For years, Rohingya have become refugees and been forced to seek refuge by boarding boats and heading south, usually bound for Malaysia, a country officially sympathetic to their cause.

But most of the boats are organised by smugglers during the months between November and March, usually for exorbitant fees amid false promises. Often the boats are intercepted by the Royal Thai Navy patrolling the northern Andaman Sea where the refugees are rescued and processed before being returned to Myanmar.

Others end up landing on Thai shores in the north and trafficked through the Kingdom by smugglers who promise them safe passage to the Malaysian border but usually extort large sums of money from them, sometimes incarcerating the Rohingya in camps where they fall prey to other human trafficking gangs.

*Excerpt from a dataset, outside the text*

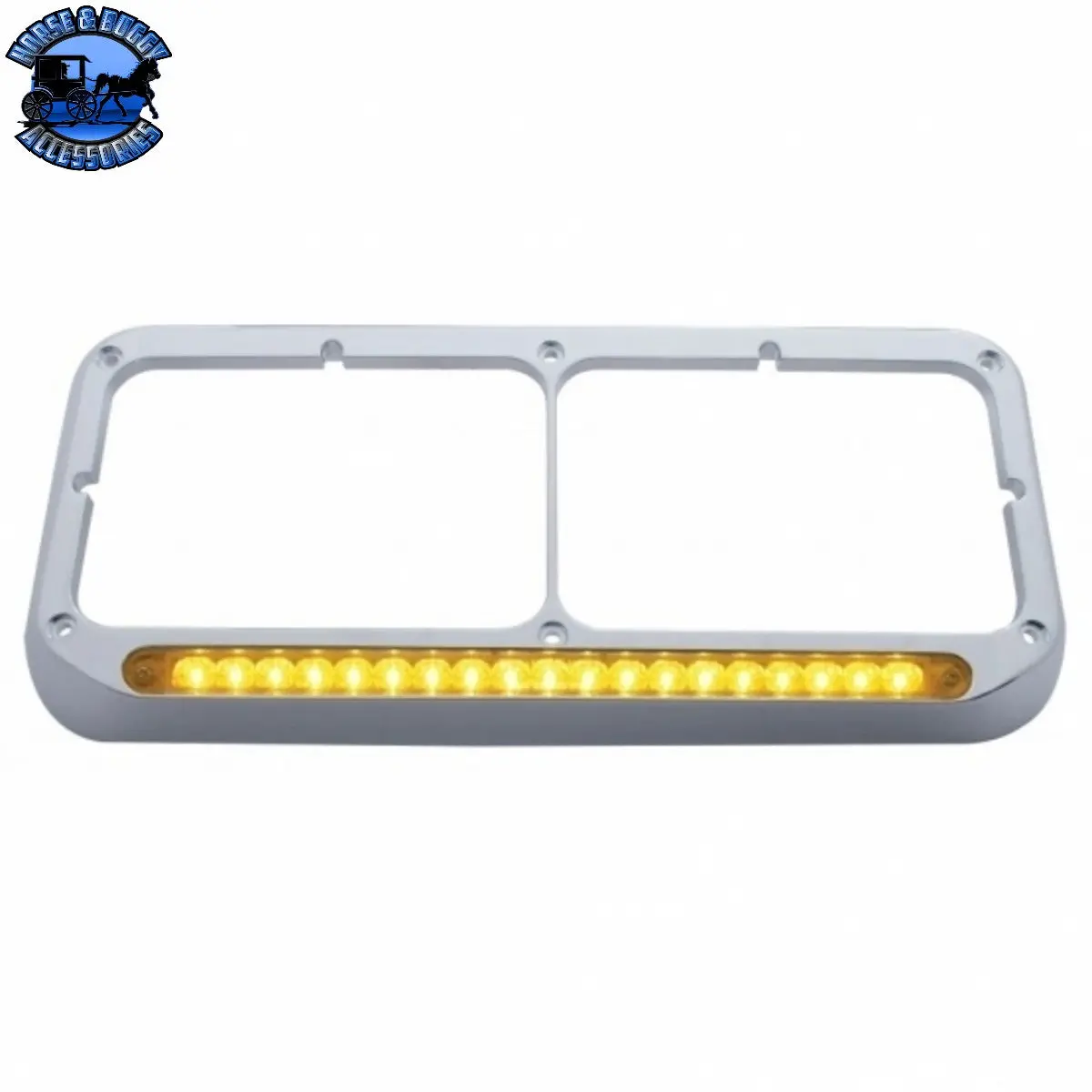 Up-32358 Chrome Rectangular Dual Headlight Bezel With 19 Led Light Bar - Amber Led/Amber Lens 1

At this stage authorities are unsure if the current vessel intercepted by authorities started its voyage in Myanmar or Bangladesh. A Bangladeshi coast guard official Saiful Islam told Reuters they were unaware of any boats leaving the camps on the Burmese/Bangladesh border for Myanmar.

“If we had such information, we would have stopped them,” he told Reuters.

Rohingya Boatpeople caught by Burmese authorities are often arrested and charged with ‘travelling illegally’. Hundreds have been imprisoned in jails and youth detention centres across the country.